Er brach des Drachen grimme Macht
Und stürzt ihn in des Abgrunds Nacht,
Zerschmetternd mit des Blitzes Strahl
Den Führer und sein Heer zumal;
Wenn wider diesen stolzen Geist
Der Kampf entbrennt er Führer heißt.
Die meisten Antiphonen und Responsorien, auch die Lectionen, athmen diesen Geist, so daß zwar die untergebenen Geister den gebührenden Antheil an dem Ruhme ihres Fürsten erhalten, dieser selbst aber in seinem vollen Glanze als der Erste voransteht und sehr oft allein angerufen und gepriesen wird. So liest man z.B. »Erzengel Michael, komm' dem Volke Gottes zu Hilfe!« Und: »Michael ist der Vorgesetzte des Paradieses, welchem die Mitbürger der Engel Ehre bezeigen«. Aehnliche Stellen sind viele. Fabelhaft und von Feinden der katholischen Kirche erfunden ist die Erzählung (bei Menzel, Symb.

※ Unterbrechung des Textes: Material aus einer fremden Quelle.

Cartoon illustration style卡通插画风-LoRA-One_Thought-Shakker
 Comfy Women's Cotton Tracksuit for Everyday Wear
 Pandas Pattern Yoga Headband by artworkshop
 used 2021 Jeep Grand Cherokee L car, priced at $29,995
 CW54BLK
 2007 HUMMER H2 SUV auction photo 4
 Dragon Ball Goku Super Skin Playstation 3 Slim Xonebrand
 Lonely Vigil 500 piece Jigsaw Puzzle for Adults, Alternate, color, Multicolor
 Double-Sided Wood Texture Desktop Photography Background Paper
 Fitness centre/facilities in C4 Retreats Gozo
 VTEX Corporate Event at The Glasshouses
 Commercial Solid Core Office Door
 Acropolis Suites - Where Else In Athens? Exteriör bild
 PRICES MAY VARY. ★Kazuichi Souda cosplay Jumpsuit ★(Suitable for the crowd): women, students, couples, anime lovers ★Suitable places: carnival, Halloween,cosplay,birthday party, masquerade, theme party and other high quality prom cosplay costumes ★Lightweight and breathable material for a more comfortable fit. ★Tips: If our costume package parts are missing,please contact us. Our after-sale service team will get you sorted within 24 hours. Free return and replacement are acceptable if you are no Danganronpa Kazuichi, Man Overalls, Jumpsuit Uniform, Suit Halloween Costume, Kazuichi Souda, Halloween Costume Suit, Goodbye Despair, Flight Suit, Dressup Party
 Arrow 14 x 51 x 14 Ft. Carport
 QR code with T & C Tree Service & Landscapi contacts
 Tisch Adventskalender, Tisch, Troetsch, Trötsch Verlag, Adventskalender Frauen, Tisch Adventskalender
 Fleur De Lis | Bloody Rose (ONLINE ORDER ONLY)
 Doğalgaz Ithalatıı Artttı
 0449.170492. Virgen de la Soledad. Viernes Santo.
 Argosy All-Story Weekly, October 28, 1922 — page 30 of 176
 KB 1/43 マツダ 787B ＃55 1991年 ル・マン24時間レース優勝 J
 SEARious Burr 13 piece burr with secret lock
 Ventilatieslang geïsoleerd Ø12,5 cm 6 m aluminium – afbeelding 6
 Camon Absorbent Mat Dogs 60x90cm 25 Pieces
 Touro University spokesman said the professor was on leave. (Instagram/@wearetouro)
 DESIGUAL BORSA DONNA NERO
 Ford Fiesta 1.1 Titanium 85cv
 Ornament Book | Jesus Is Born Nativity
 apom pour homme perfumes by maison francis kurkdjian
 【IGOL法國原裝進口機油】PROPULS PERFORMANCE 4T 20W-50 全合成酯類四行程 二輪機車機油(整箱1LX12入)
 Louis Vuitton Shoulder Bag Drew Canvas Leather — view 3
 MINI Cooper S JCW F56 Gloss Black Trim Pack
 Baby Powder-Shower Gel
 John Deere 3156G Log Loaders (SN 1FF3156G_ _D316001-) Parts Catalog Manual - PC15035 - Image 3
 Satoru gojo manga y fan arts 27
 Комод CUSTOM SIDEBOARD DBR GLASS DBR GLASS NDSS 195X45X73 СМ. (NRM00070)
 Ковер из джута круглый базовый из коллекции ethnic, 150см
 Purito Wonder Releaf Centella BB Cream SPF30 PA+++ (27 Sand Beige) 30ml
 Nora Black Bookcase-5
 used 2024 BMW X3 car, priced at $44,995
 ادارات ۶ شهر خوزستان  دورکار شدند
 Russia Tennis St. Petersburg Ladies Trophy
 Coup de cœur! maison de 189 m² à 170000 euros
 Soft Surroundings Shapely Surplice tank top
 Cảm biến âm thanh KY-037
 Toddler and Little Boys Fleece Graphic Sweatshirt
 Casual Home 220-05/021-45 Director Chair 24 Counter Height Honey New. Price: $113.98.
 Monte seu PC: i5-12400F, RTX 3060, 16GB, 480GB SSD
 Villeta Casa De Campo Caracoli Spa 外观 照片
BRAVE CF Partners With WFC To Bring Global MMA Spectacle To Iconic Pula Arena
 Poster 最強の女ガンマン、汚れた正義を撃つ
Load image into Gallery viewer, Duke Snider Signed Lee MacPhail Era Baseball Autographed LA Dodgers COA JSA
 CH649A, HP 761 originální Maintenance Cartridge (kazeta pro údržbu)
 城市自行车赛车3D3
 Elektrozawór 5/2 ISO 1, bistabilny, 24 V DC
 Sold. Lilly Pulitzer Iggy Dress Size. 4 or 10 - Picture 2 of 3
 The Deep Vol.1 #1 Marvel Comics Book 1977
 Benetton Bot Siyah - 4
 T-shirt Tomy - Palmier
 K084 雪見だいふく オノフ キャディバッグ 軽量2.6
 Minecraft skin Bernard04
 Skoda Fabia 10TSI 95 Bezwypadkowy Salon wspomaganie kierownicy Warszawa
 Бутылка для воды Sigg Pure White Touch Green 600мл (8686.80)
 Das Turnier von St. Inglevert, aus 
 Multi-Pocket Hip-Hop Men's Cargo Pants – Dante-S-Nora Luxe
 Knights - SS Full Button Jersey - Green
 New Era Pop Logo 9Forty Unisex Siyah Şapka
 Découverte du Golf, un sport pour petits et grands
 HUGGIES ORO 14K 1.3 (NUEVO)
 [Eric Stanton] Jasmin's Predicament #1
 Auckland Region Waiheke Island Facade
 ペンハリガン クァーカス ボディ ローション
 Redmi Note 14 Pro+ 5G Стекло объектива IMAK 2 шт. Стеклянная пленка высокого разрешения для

II. 129), daß man auf dem Michaelsberge im Zabergau vor der Reformation eine Feder aufbewahrt habe, welche dem Engel im Kampfe mit dem Satan entfallen sei – eine plumpe Lüge, offenbar dazu ersonnen, um Protestanten, die einfältig genug sind sie zu glauben, die katholische Reliquien-, Heiligen- und Engelverehrung recht widerlich und ungereimt darzustellen. Auf Bildern sehen wir den hl. Michael als ritterlichen Engel, mit Helm, Schild (auf diesem liest man öfter das: Quis ut Deus? entweder allein oder als Umschrift für die auf demselben dargestellte unbefleckte Empfängniß) und meist flammendem Schwert, den Höllengeist (hie und da bereits in einen siebenköpfigen Drachen verwandelt und gefesselt), der ihm Flammen entgegenspeit und mit Feuerbündeln und Schlangen gegen ihn kämpft, in die Tiefe stürzend. Von der Wage, die gleichfalls sein Attribut ist, haben wir schon geredet. Statt des Schwerts trägt er öfter eine Fahne mit Kreuzstab (stets in beiden Händen) oder einen Speer, mit welchem er den Drachen durchbohrt. Seltener erscheint er mit dem offenen Buche (des Lebens und des Todes) als Kennzeichen seiner Theilnahme beim Gerichte. Im Orden der (lateinischen) Basilianer, welche den hl. Michael zu ihrem Schutzpatron erkoren haben, wird sein Fest mit Octave begangen. In Deutschland erscheint dasselbe zuerst im Pönitentiale des hl. Bonifacius, wurde aber durch ein Concilium zu Mainz im J. 813 allgemein eingeführt.